Investigation of the Transport Characteristics of Heavy Oil–Water Ring in Horizontal Straight Pipes through Numerical Simulation and Orthogonal Experimentation

Abstract

Heavy oil–water loop transportation technology has emerged as one of the most significant solutions for energy-efficient utilization globally. However, this technology encounters several challenges, particularly in accurately identifying the key factors that influence the stability and pressure gradient of heavy oil–water ring transport. This study analyzes the impact of critical factors, such as density difference, viscosity difference, oil–water flow rate, and interfacial tension, on the pressure gradient and flow stability within heavy oil–water ring transportation pipelines through numerical simulations. Additionally, an orthogonal test is employed to quantitatively evaluate the significance level of these four factors concerning the pressure gradient and eccentric stability index. The results indicate that a smaller density difference between oil and water leads to less disruption of the core-annular flow structure and, consequently, results in a lower pressure gradient value.
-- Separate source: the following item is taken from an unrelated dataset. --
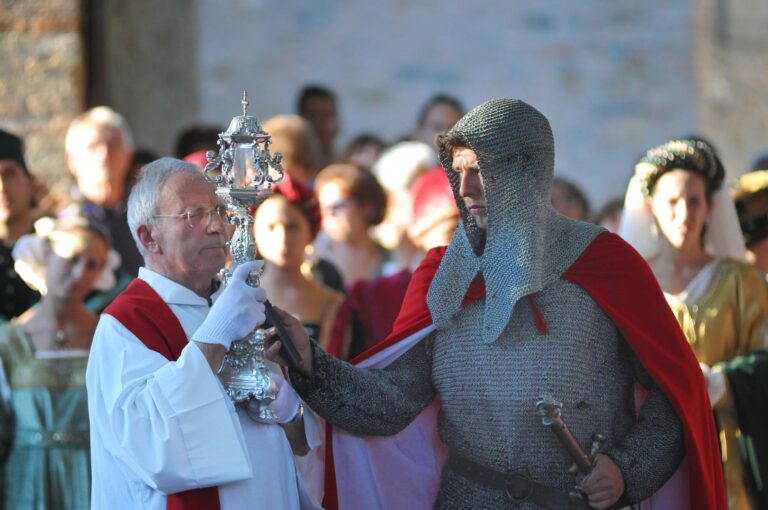 Montone – Eventi, torna la “Donazione della Santa Spina”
When the viscosity of heavy oil falls within a specific range, variations in the oil–water viscosity exert minimal influence on the water ring stability but have a more pronounced effect on the pressure gradient. The flow rate of oil–water is crucial for maintaining stable core-heavy-oil flow toward the pipeline’s end; reduced flow rates increase the likelihood that core-heavy-oil will come into contact with pipe walls, thereby elevating both pipeline pressure gradients and diminishing water ring stability. Furthermore, while changes in interfacial tension have negligible effects on the water ring stability, an increase in interfacial tension correlates with an increased pressure gradient. Through orthogonal test analysis, it was determined that among these factors, the density difference exerts the most significant influence on both pressure gradient and stability; this is followed by flow rate and viscosity differences. In contrast, interfacial tension demonstrates a minimal impact relative to other variables.